A 433 MHz 7 channel radio control system for antweight robots

Radio control kit can be expensive. Scarily so. So, rather than immediately shell out a hundred quid or more for a commercial radio control system for antweight robots, I figured it was worth investigating building my own.

A radio control system has essentially four main components:

  1. The encoder, which takes information from the controls and assembles it into a form the transmitter can send
  2. The transmitter which takes the encoded data and sends it via radio to the receiver
  3. The receiver which extracts the encoded data from the radio signal
  4. The decoder which extracts individual channel information from the encoded data
      All these components are straightforward enough to build using ordinary tools and test equipment. However, the effort involved in building a 27MHz or 40Mhz transmitter and receiver is such that it makes far more sense to buy ready made transmitter and receiver modules.

      RF Solutions make a range of hybrid low power transmitter and receiver modules intended for use in radio controlled key fobs, door openers and other short range data links. These modules are inexpensive and easy to use, which makes them ideal for a home made radio control system. The pair I bought cost me about £10 from Maplin Electronic Supplies and work at a frequency of 433.92 MHz.

      For my encoder and decoder circuit I dug out a 20 year old hobby electronic project book, "Cost Effective Projects around the Home", by John Watson. This book, which I bought at a remaindered book store in the 1980s, contains a variety of electronic projects including a 7 channel 27 MHz digital proportional radio control system. While the 27MHz radio circuits were of little use to me in this application, the encoder and decoder circuits based around readily available 4000 series CMOS integrated circuits proved to be simple and cheap to construct. I have no wish to infringe Mr. Watson's copyright so I can not publish the circuits he uses on this web page, but I can publish a block diagram showing their operation.

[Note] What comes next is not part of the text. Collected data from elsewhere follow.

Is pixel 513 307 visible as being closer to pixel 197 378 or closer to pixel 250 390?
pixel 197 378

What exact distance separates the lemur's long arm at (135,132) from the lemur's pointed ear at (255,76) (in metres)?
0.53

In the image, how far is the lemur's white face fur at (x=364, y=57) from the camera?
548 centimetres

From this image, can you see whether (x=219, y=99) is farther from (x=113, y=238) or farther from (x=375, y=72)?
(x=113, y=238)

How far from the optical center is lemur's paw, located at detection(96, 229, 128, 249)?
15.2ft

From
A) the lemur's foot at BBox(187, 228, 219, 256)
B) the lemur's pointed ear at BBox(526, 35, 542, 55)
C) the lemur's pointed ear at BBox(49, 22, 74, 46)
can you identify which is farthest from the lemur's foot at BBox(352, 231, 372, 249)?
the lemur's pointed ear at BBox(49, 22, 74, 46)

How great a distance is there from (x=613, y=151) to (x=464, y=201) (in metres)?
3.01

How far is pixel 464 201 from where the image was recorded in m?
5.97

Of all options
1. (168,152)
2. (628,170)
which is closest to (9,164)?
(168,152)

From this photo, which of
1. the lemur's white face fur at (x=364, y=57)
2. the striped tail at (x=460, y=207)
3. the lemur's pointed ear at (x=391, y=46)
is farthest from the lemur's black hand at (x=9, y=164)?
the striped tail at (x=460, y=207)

      RC encoder block diagram

      The encoder circuit is shown above. The main component is a 4022 8 step shift register whose outputs step through in turn 8 R/C networks. R/C networks 1 to 7 provide variable length pulses between 1 and 2 mS to represent the 7 channels and R/C network 8 provides a 6 mS sync pulse. The resulting pulses are combined into a single pulse train by a 4078 8 input NOR gate. A further R/C network provides a gap between pulses of about 250 uS and a 4001 quad 2 input NOR gate is used to clean up the output. A feedback line is taken from the 4001 to the clock input of the 4022 to ensure that at the end of each pulse the 4022 advances to the next R/C network.

      The output from the encoder circuit was fed to the digital input of the RF Solutions transmitter module and when power was applied to the circuit and to the RF Solutions receiver module, the pulse train was found at the receiver output. The decoder fed from the receiver was very simple, a 4017 counter with an R/C network selected to detect the 6mS sync pulse feeding its reset pin. This provides the 7 different pulses generated in the encoder on its output pins in a suitable form to drive standard radio control servos.

      Both circuits were assembled on standard strip board. The reciever is small enough to fit in the same space as a miniature radio control receiver, and the transmitter board has a socket to allow connection of variable resistors and switches for controls. Both boards are shown below, along with a control board with 2 variable resistors.

      Prototype UHF radio control system

      So far so good.

      The circuit did not unfortunately meet expectations when it was tested in a real environment. Range with quarter wavelength antennas was a creditable 10 yards or so, but the instability of the super regenerative receiver design used by RF Solutions proved to be the system's downfall. At extreme close range, the receiver overloads and produces garbage, while at normal operating ranges it proved impossible to drive a servo from the same battery as the receiver, because the voltage drop induced by the servo starting up proved to be more than the instability of the receiver could take.

      In conclusion, it must be possible to make a reliable radio control system based upon the RF Solutions modules. The next step with this prototype will be to add a voltage regulator to the rceiver to supply a constant voltage unaffected by servo loads. This may go some way to compensating for the instability of the receiver.